## Task directions
Restate all data exactly. No images.

## The data
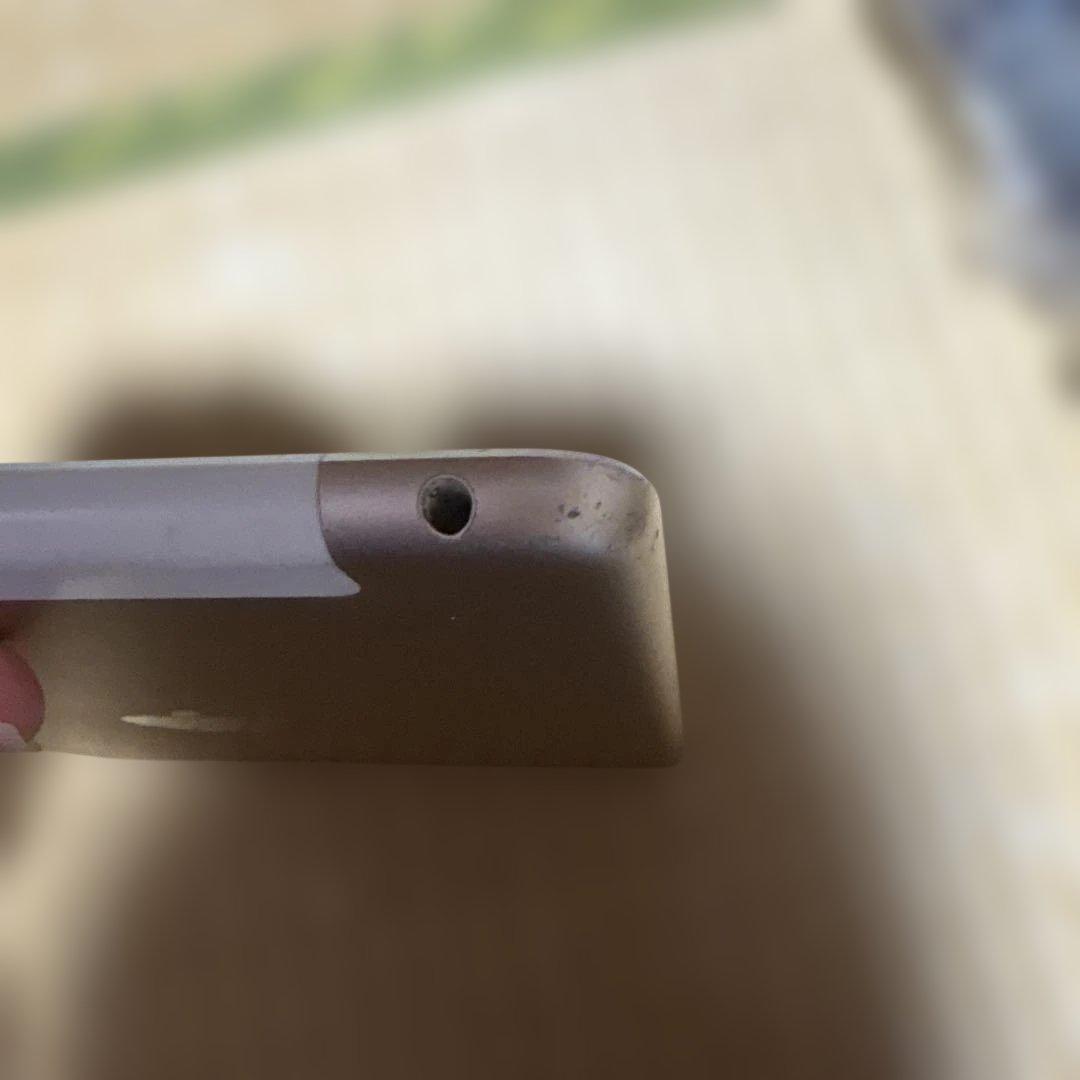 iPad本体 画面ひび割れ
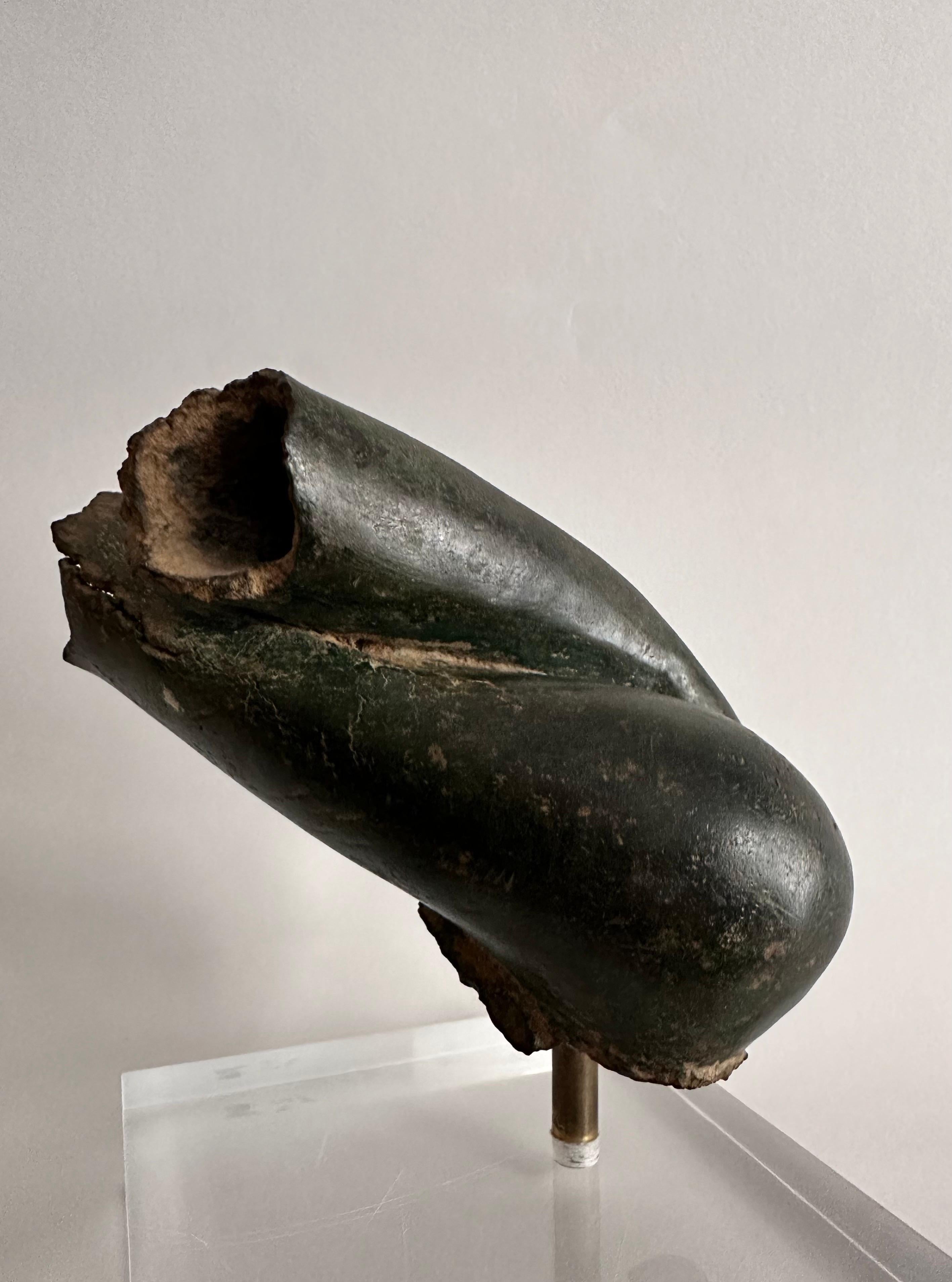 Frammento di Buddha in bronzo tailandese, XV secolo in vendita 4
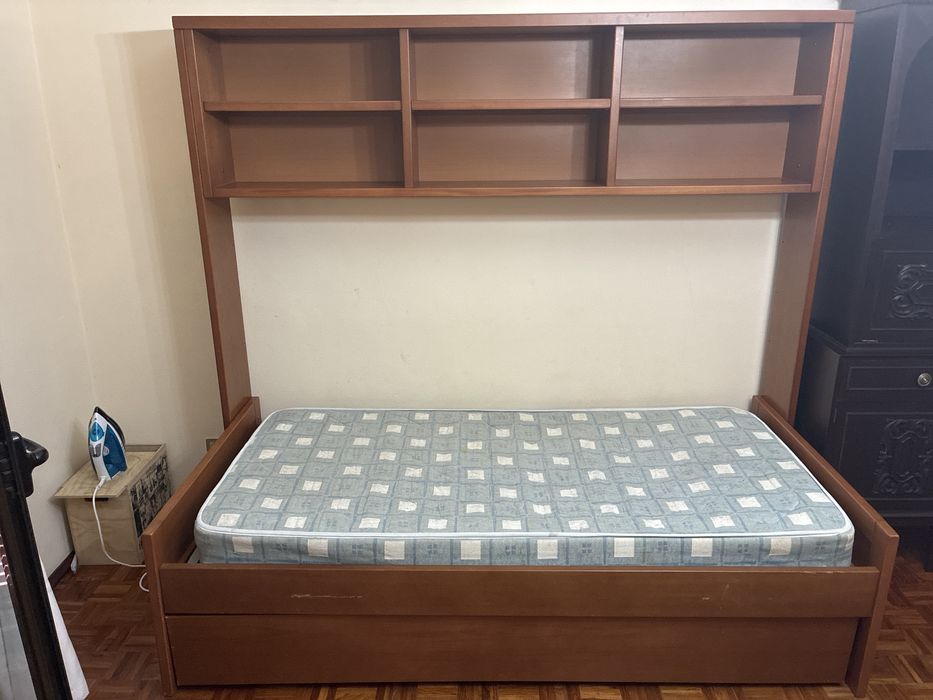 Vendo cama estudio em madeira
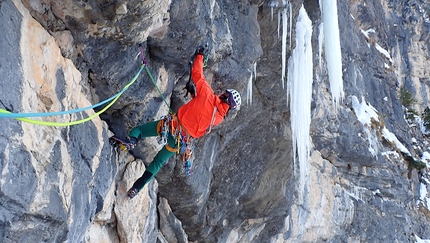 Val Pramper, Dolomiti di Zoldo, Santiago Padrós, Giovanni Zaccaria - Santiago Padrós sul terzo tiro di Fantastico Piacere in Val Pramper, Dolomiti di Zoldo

## Task result
 iPad本体 画面ひび割れ
 Frammento di Buddha in bronzo tailandese, XV secolo in vendita 4
 Vendo cama estudio em madeira
 Val Pramper, Dolomiti di Zoldo, Santiago Padrós, Giovanni Zaccaria - Santiago Padrós sul terzo tiro di Fantastico Piacere in Val Pramper, Dolomiti di Zoldo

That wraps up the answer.